■ **Problem statement**
After finding "prof. dr. Maja" in the data, write out its line and all following lines without change, up to and including the last one. Leave out pictures.

** Data supplied follows **

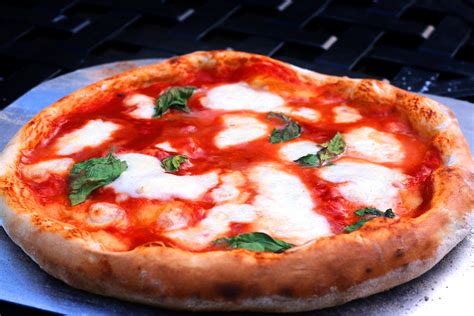 Pizza Margherita – The Nosey Chef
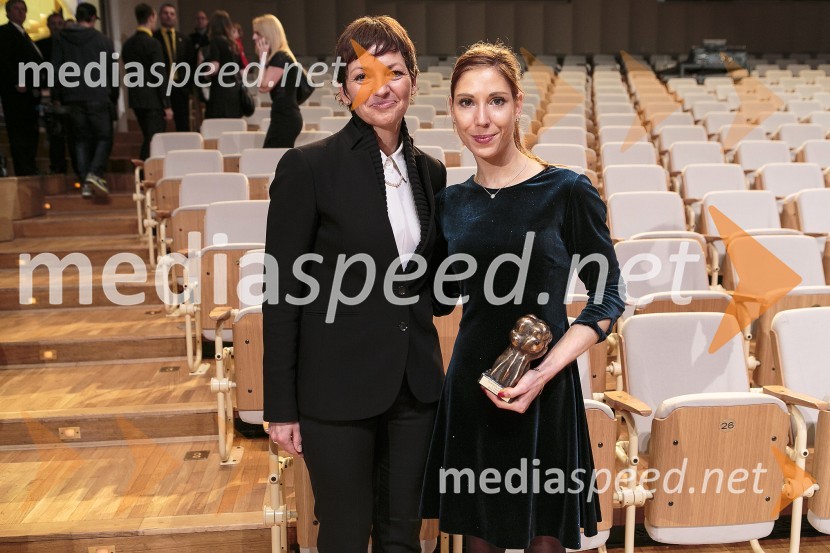 prof. dr. Maja Makovec Brenčič, ministrica za izobraževanje, znanost in šport;  Mina  Markovič, športna plezalkaŠportnik leta 2015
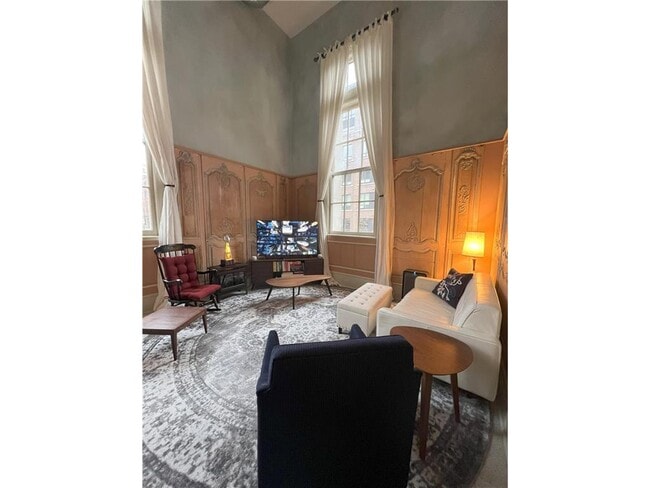 Building Photo - 214 4th St E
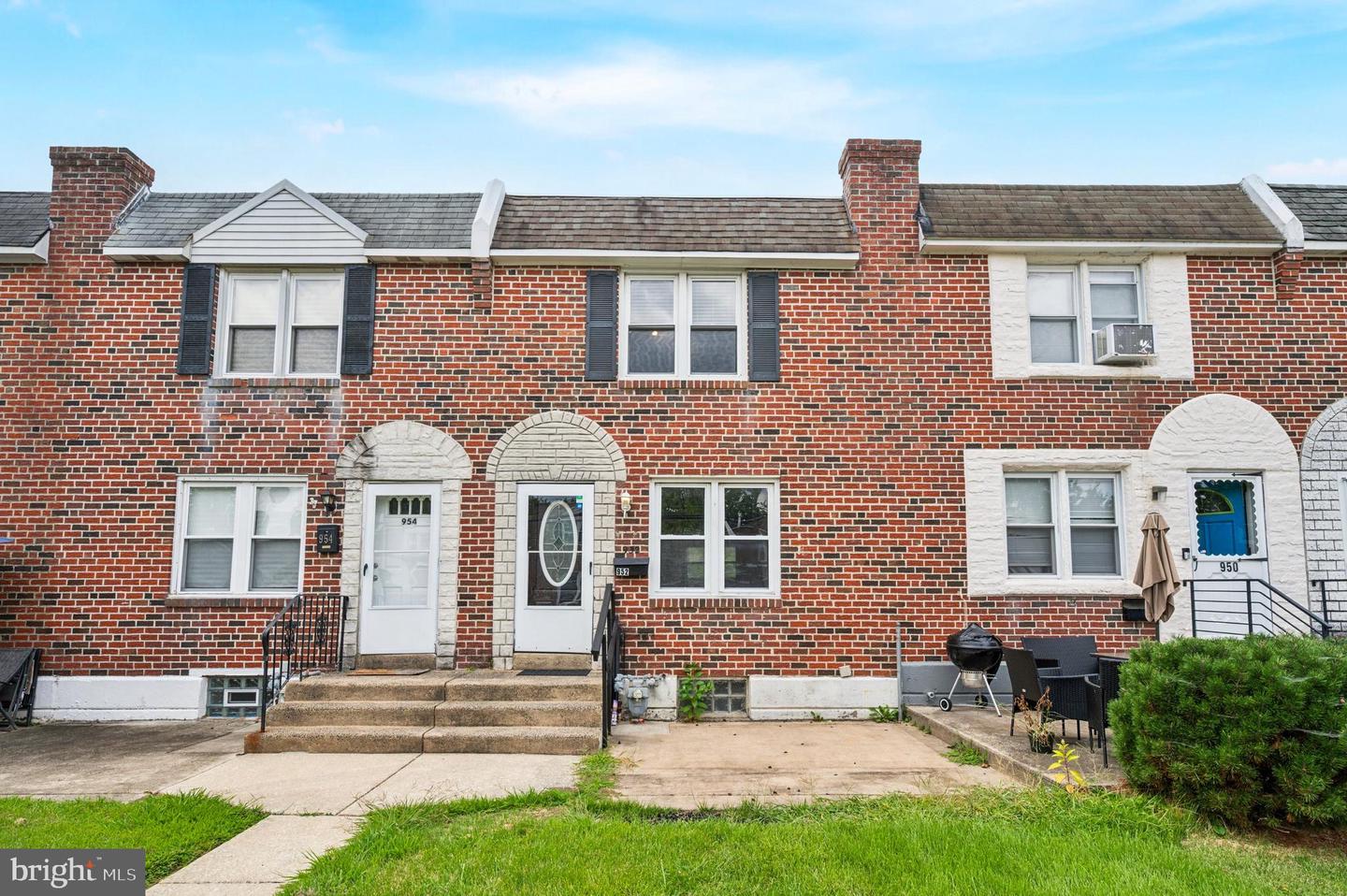 952 Grant Road, Folcroft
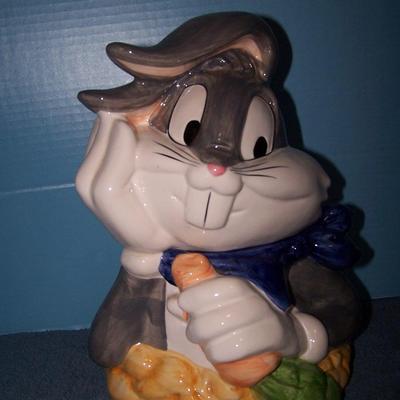 LOT 147 WONDERFUL COLLECTABLE TALKING BUGS BUNNY COOKIE JAR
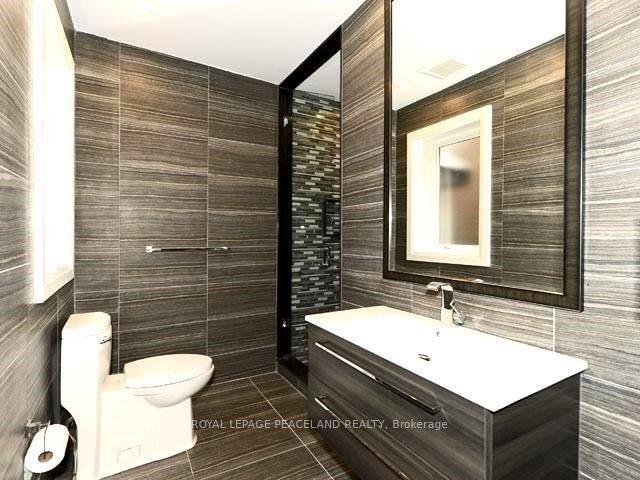 Photo 11 of Unit Upper L, 476 Oriole Parkway, Toronto, Yonge-Eglinton — HOMEH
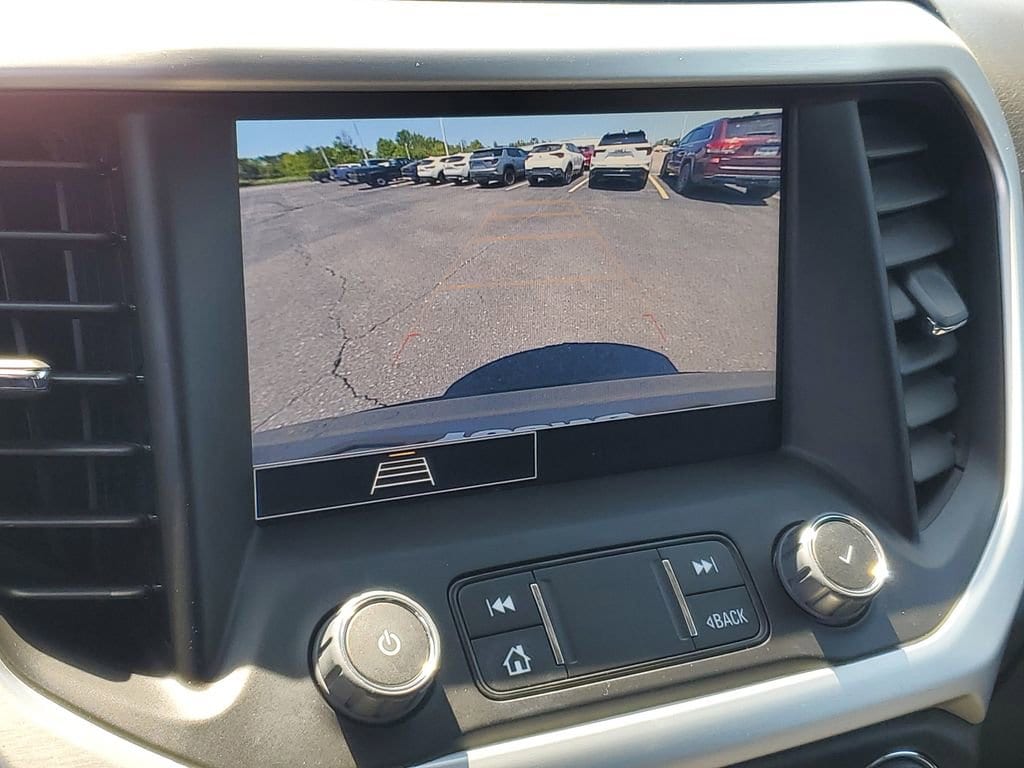 2023 GMC Acadia SLE - Photo 18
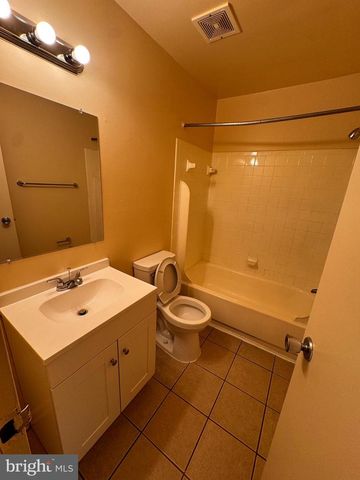 4513 LOGSDON DR, Annandale, VA 22003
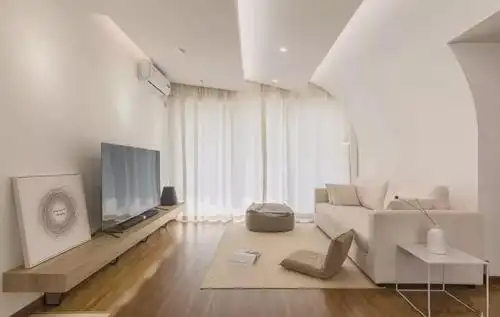 没有茶几的小户型客厅,看起来宽敞好几倍,我家就这样做了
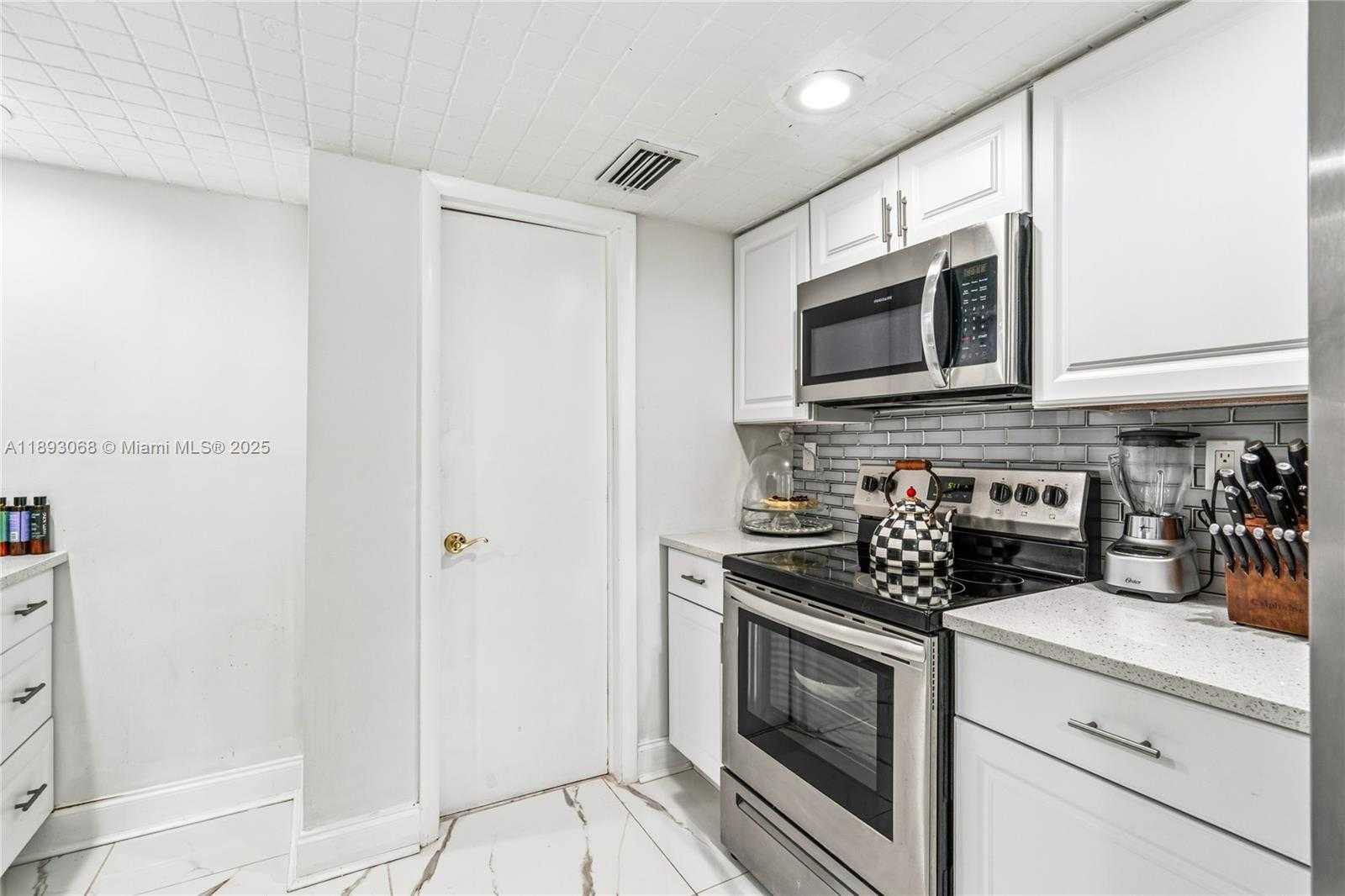 Small Image of 905 BRICKELL BAY DR #230, Miami Number 33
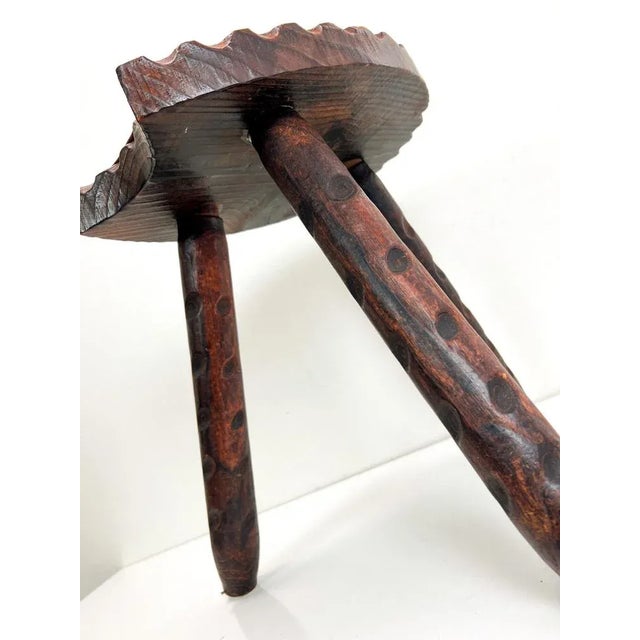 1960s Spanish Brutalist Wooden Tripod Stool with Leather, 1960s For Sale - Image 5 of 9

** End of Data supplied **

■ **Response box**
 prof. dr. Maja Makovec Brenčič, ministrica za izobraževanje, znanost in šport;  Mina  Markovič, športna plezalkaŠportnik leta 2015
 Building Photo - 214 4th St E
 952 Grant Road, Folcroft
 LOT 147 WONDERFUL COLLECTABLE TALKING BUGS BUNNY COOKIE JAR
 Photo 11 of Unit Upper L, 476 Oriole Parkway, Toronto, Yonge-Eglinton — HOMEH
 2023 GMC Acadia SLE - Photo 18
 4513 LOGSDON DR, Annandale, VA 22003
 没有茶几的小户型客厅,看起来宽敞好几倍,我家就这样做了
 Small Image of 905 BRICKELL BAY DR #230, Miami Number 33
 1960s Spanish Brutalist Wooden Tripod Stool with Leather, 1960s For Sale - Image 5 of 9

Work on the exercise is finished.